Scroll untuk membaca

Scroll untuk membaca

Mayoritas omset koperasi kisaran miliaran rupiah. Hanya segelintir yang omsetnya tembus triliunan rupiah.
Begitulah geliat koperasi dalam kegiatan ekonomi. Badan usaha yang berbadan hukum dan sudah diakui dalam sistem OSS, yaitu sistem perizinan berusaha terintegrasi secara elektronik, kantor Kementerian Investasi/BKPM.

Apalagi dalam praktiknya, konsep layanannya menerapkan OSS alias ora suwe-suwe. Kagak ribet dengan segala macam syarat yang seringkali mustahil dipenuhi wong cilik.

Yang seringkali datang hanya mengenakan baju kusam. Bersandal jepit. Tubuhnya menebarkan aroma keringat.
Ruangan layanan mayoritas koperasi pun tidak kalah bersahajanya. Masih ada, lho, kantornya tanpa penyejuk ruang. Komputerisasi hanya pada pekerjaan tertentu saja.

Meskipun sarat kesederhanaan, kontribusinya bagi peningkatan kesejahteraan pengguna jasanya terbilang sukses. Kehadirannya banyak membantu anggota untuk keperluan apa pun, termasuk kebutuhan kepepet.

Koperasi memang dilahirkan untuk memanusiakan manusia. Jenisnya koperasi produsen, koperasi konsumen, koperasi simpan pinjam, koperasi pemasaran, dan koperasi jasa.

Mengusung konsep homo humanus, yaitu kesetiakawanan sosial untuk gotong royong, saling membantu, saling menolong, dan saling mendukung

Hal ini berseberangan dengan model bisnis kapitalis yang menciptakan homo economicus. Manusia serakah! Serakah dalam konsumtif. Serakah dalam penguasaan modal.

Koperasi, yang diperkenalkan Robert Owen, salah satu bentuk perlawanan konsep homo economicus, yang diperkenalkan John Stuart Mill.

Dalam Islam, sebagian ulama menggolongkan koperasi dalam syirkah ta'awuniyah (persekutuan tolong menolong). Sebab didalamnya mengandung konsep saling tolong menolong (ta'awun) dan saling menguatkan (takaful).
Koperasi di Indonesia memang belum sepenuhnya mewujudkan ta'awun dan Takaful. Masih banyak permalasahan yang harus dibenahi. Sedangkan yang sudah baik, terus dipertahankan dan ditingkatkan

Islam tidak melarang perniagaan. Islam juga tidak melarang hak kepemilikan individu.
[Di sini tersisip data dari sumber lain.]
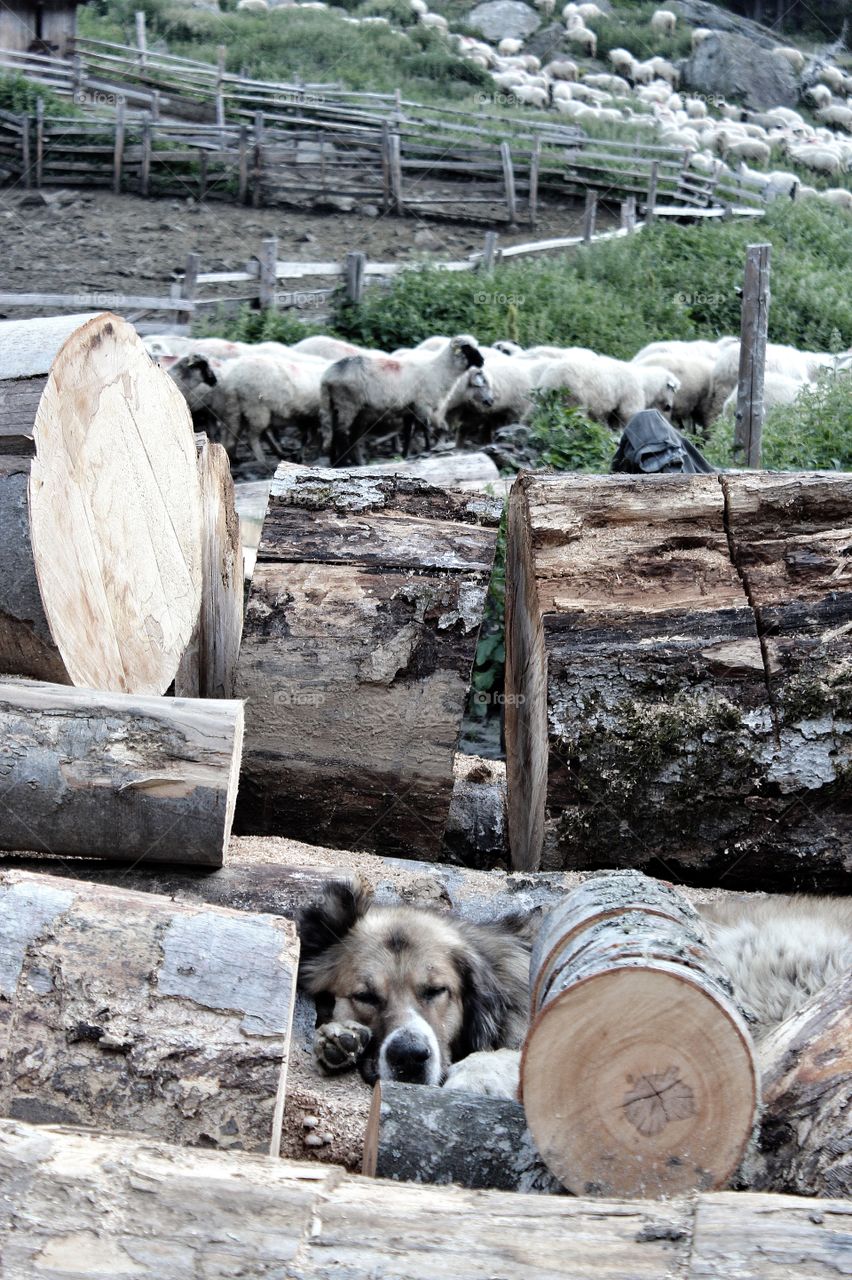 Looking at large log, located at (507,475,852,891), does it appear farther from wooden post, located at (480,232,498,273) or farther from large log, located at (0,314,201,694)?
wooden post, located at (480,232,498,273)

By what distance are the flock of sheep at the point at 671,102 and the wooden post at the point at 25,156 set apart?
14.7 metres

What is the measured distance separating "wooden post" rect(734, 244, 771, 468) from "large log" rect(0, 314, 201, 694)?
A: 17.8ft

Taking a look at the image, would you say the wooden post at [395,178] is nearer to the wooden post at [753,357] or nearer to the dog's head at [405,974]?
the wooden post at [753,357]

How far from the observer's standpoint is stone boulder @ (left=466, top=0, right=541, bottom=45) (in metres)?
48.5

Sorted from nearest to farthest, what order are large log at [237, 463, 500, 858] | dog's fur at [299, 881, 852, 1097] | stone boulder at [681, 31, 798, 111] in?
dog's fur at [299, 881, 852, 1097]
large log at [237, 463, 500, 858]
stone boulder at [681, 31, 798, 111]

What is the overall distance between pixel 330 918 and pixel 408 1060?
1.53 feet

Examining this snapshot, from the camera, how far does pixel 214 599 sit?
17.6 ft

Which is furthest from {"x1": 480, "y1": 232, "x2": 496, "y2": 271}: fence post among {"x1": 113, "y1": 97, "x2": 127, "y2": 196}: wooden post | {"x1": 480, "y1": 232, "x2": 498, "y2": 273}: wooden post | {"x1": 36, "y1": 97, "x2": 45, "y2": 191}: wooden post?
{"x1": 36, "y1": 97, "x2": 45, "y2": 191}: wooden post

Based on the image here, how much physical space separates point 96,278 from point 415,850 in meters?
17.6

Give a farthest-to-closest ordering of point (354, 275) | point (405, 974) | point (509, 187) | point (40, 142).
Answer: point (509, 187) → point (40, 142) → point (354, 275) → point (405, 974)

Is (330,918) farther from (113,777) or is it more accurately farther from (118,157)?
(118,157)

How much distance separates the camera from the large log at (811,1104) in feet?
7.47

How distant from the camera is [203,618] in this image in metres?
5.30

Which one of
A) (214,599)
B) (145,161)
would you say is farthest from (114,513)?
(145,161) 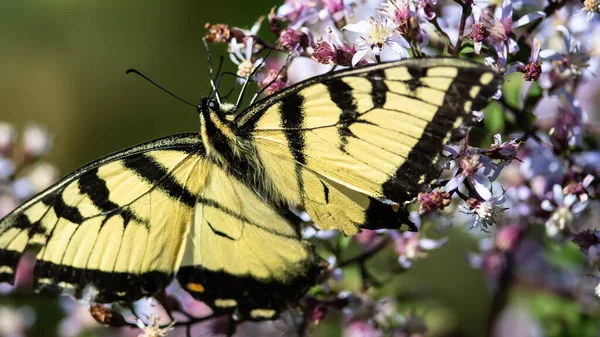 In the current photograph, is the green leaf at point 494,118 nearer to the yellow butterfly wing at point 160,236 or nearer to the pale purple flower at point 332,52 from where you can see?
the pale purple flower at point 332,52

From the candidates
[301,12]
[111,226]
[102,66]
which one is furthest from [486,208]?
[102,66]

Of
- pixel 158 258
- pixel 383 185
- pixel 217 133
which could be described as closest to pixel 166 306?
pixel 158 258

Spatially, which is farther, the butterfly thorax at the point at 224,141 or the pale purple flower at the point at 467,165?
the butterfly thorax at the point at 224,141

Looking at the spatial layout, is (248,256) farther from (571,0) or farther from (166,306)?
(571,0)

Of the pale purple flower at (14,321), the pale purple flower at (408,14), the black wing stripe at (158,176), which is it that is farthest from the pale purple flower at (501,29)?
the pale purple flower at (14,321)

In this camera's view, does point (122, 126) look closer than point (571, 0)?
No

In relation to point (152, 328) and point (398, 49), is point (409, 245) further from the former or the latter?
point (152, 328) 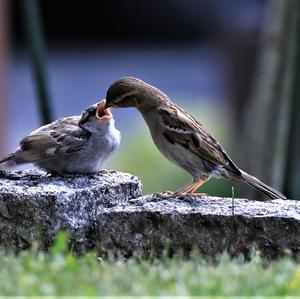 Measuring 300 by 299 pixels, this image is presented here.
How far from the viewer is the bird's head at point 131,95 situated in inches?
334

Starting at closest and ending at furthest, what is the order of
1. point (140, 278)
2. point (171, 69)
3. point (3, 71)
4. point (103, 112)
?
point (140, 278) → point (103, 112) → point (3, 71) → point (171, 69)

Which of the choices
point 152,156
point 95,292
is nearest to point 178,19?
point 152,156

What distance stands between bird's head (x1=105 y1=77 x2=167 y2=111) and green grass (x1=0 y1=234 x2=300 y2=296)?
2.36m

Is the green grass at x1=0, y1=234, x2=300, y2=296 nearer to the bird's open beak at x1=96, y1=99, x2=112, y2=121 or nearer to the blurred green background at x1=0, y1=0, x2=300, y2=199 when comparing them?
the bird's open beak at x1=96, y1=99, x2=112, y2=121

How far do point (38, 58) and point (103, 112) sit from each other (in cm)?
392

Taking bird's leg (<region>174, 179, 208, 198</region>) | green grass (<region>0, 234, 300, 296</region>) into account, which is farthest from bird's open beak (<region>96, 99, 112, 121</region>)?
green grass (<region>0, 234, 300, 296</region>)

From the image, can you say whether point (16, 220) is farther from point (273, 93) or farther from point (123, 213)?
point (273, 93)

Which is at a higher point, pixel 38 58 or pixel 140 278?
pixel 38 58

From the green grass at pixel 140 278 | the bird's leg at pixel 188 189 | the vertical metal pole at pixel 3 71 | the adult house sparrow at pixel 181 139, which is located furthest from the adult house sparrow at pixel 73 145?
the vertical metal pole at pixel 3 71

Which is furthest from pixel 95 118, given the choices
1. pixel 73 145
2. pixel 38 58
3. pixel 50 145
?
pixel 38 58

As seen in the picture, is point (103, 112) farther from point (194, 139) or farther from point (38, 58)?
point (38, 58)

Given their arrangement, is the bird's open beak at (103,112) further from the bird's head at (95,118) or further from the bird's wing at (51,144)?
the bird's wing at (51,144)

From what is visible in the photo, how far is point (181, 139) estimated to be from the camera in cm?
838

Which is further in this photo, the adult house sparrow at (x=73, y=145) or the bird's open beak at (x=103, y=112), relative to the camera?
the bird's open beak at (x=103, y=112) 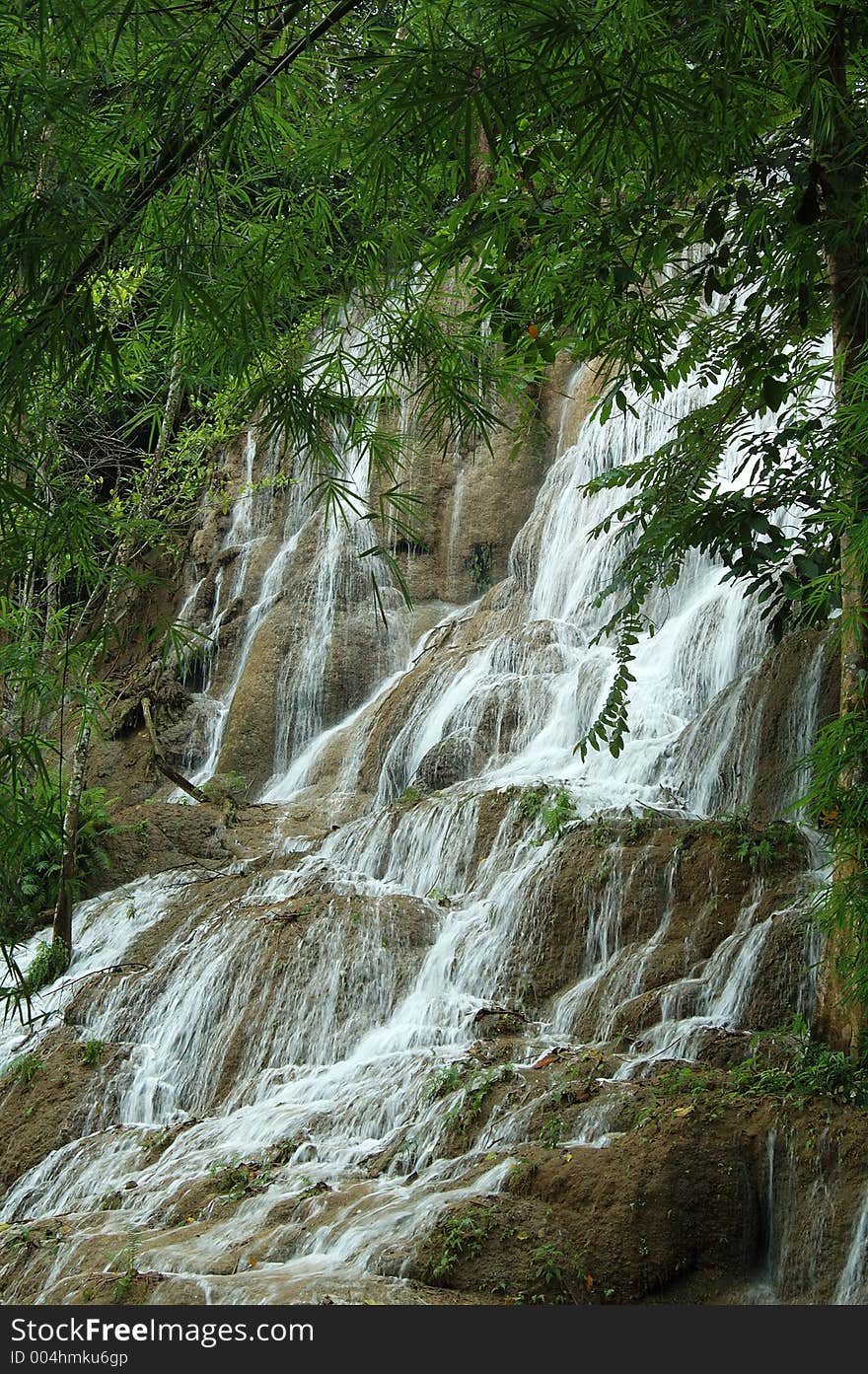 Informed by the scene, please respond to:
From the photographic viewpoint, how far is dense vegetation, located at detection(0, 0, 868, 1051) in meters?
2.85

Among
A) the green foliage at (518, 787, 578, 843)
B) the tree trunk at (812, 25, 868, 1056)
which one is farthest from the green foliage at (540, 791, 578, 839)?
the tree trunk at (812, 25, 868, 1056)

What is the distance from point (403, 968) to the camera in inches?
323

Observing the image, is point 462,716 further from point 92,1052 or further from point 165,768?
point 92,1052

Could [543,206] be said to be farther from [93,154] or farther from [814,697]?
[814,697]

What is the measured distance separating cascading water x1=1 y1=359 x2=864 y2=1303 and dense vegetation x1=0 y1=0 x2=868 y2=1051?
4.89ft

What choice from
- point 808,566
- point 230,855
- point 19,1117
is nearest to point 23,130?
point 808,566

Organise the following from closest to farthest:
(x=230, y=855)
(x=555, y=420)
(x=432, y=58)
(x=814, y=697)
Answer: (x=432, y=58)
(x=814, y=697)
(x=230, y=855)
(x=555, y=420)

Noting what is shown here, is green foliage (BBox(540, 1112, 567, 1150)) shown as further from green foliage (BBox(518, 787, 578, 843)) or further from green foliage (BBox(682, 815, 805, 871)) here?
green foliage (BBox(518, 787, 578, 843))

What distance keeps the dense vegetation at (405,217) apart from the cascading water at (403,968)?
58.7 inches

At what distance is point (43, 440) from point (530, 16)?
1682 millimetres

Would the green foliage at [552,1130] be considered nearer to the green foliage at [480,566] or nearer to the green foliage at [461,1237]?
the green foliage at [461,1237]

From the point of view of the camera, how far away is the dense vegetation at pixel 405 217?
285 centimetres

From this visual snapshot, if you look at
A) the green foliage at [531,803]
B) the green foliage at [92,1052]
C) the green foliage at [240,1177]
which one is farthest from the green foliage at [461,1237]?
the green foliage at [92,1052]

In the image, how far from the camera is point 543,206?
181 inches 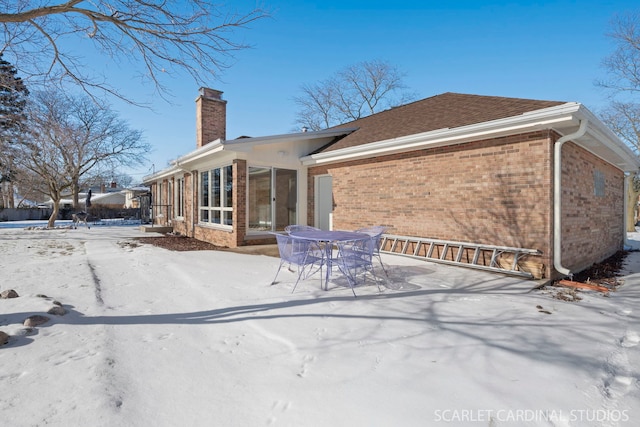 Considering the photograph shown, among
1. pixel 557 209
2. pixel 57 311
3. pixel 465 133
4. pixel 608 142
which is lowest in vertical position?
pixel 57 311

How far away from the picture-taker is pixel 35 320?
3.18m

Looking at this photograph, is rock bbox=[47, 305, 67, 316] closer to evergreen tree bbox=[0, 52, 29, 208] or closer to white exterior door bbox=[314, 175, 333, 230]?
evergreen tree bbox=[0, 52, 29, 208]

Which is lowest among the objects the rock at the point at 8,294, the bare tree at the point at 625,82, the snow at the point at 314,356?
the snow at the point at 314,356

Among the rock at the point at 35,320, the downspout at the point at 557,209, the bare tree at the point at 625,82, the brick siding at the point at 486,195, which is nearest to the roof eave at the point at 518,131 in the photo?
the brick siding at the point at 486,195

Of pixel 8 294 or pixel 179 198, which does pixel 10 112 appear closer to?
pixel 8 294

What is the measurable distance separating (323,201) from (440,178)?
443 centimetres

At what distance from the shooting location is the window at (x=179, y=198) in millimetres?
14133

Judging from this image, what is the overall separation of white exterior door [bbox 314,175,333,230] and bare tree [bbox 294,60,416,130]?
1907 cm

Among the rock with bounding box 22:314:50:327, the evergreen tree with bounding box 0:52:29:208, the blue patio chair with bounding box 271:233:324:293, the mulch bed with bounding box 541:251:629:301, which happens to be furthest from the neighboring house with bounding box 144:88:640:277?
the rock with bounding box 22:314:50:327

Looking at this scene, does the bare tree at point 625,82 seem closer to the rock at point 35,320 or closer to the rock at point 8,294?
the rock at point 35,320

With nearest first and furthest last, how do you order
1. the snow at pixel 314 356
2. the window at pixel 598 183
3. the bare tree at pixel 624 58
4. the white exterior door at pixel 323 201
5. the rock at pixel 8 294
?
the snow at pixel 314 356, the rock at pixel 8 294, the window at pixel 598 183, the white exterior door at pixel 323 201, the bare tree at pixel 624 58

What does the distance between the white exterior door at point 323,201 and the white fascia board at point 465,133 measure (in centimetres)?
126

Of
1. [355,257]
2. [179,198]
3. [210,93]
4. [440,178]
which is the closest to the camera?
[355,257]

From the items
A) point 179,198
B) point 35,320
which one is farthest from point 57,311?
point 179,198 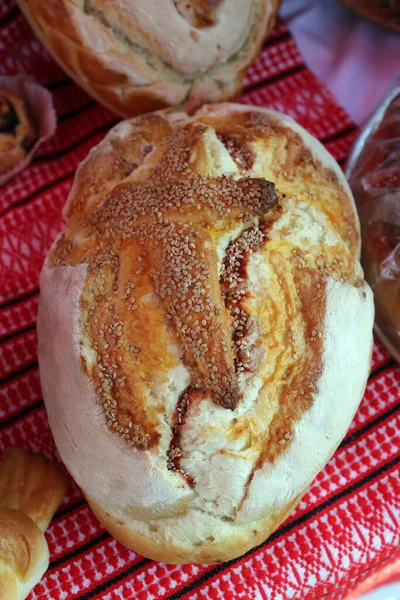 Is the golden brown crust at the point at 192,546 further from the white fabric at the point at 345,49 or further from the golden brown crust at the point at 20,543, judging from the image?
the white fabric at the point at 345,49

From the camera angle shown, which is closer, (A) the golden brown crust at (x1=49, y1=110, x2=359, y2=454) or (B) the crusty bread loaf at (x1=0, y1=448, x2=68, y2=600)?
(A) the golden brown crust at (x1=49, y1=110, x2=359, y2=454)

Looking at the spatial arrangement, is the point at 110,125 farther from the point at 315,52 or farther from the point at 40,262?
the point at 315,52

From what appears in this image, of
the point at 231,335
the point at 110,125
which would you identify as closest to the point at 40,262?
the point at 110,125

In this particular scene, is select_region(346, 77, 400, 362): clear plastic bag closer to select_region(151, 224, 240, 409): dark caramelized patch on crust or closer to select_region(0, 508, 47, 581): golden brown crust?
select_region(151, 224, 240, 409): dark caramelized patch on crust

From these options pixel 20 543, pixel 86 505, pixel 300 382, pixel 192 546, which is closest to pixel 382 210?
pixel 300 382

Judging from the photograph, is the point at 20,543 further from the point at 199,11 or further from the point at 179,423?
the point at 199,11

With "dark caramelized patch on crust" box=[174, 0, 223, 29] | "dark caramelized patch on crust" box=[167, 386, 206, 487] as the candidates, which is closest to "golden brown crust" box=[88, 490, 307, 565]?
"dark caramelized patch on crust" box=[167, 386, 206, 487] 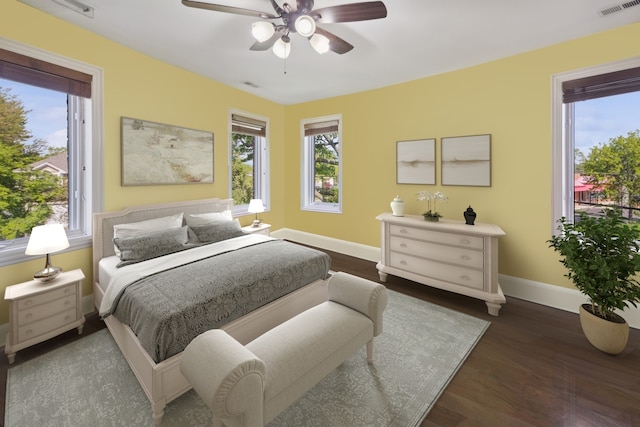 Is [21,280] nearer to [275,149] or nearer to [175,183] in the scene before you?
[175,183]

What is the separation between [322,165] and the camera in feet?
17.2

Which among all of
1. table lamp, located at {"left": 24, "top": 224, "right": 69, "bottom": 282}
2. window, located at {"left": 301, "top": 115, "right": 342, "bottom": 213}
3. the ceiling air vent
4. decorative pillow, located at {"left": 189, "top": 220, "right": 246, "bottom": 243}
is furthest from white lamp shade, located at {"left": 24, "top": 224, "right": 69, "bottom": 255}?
the ceiling air vent

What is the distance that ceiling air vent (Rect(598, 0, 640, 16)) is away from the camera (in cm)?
217

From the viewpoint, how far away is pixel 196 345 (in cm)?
140

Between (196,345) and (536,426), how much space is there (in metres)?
2.06

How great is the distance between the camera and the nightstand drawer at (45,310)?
209cm

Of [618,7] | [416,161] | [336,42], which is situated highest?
[618,7]

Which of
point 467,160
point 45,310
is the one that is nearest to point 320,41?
point 467,160

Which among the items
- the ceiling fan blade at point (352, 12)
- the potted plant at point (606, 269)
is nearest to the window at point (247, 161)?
the ceiling fan blade at point (352, 12)

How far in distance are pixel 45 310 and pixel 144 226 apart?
106 centimetres

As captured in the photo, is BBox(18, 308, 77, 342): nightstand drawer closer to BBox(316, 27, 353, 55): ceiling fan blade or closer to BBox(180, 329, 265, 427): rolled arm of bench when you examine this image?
BBox(180, 329, 265, 427): rolled arm of bench

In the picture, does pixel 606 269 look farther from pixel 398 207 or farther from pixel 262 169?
pixel 262 169

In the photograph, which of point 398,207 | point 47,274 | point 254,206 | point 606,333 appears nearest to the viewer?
point 606,333

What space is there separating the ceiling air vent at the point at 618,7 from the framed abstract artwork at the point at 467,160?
1319 millimetres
Yang dilarang adalah saling berbuat curang, sebagaimana firman Allah dalam QS An-nisa: 29, yang bunyinya: "Hai orang-orang yang beriman, janganlah kamu saling memakan harta sesamamu dengan jalan yang batil, kecuali dengan jalan perniagaan yang berlaku dengan suka sama suka di antara kamu. Dan janganlah kamu membunuh dirimu; sesungguhnya Allah adalah Maha Penyayang kepadamu".

Wong cilik yang termarjinalkan dalam ekonomi kapitalistik dapat memakai koperasi sebagai kendaraan meraih kesejahteraan. Sebab koperasi mengandung konsep keadilan, solidaritas, dan kemanfaatan bersama.
Dalam skala dunia, Internasional Cooperative Alliance (ICA) melaporkan jumlah koperasi sekitar 3 juta unit di seluruh dunia. Jumlah anggotanya sekitar 1 miliar orang atau 12% dari populasi penduduk bumi.

World Cooperative Monitor (2023) mencatat sebanyak 300 koperasi terbesar di dunia. Perputaran omset koperasi tersebut sekitar 2.409,41 miliar dolar AS atau sekitar Rp.39.755,26 triliun. Wow, emejing!

Koperasi juga menyediakan pekerjaan dan lapangan kerja bagi 280 juta orang. Ini setara 10% dari populasi pekerja di dunia.

Jumlah anggota koperasi di Indonesia sekitar 20 juta orang. BPS mencatat jumlah koperasi sebanyak 130 ribu unit. Perputaran omsetnya sekitar Rp 197,88 triliun per Desember 2022.

Ngomong-ngomong, dua kota yang tidak lepas dari perjalanan sejarah koperasi di Indonesia adalah Purwokerto dan Tasikmalaya. R Aria Wiria Atmaja, Patih Purwokerto, menginisiasi pendirian bank dengan konsep koperasi kredit untuk membantu pegawai yang terjerat rentenir.

Oalah, kota ngapak ternyata pelopor koperasi, tokh. Selamat Hari Koperasi ke-77. Ora ngapak, ora kepenak. (*)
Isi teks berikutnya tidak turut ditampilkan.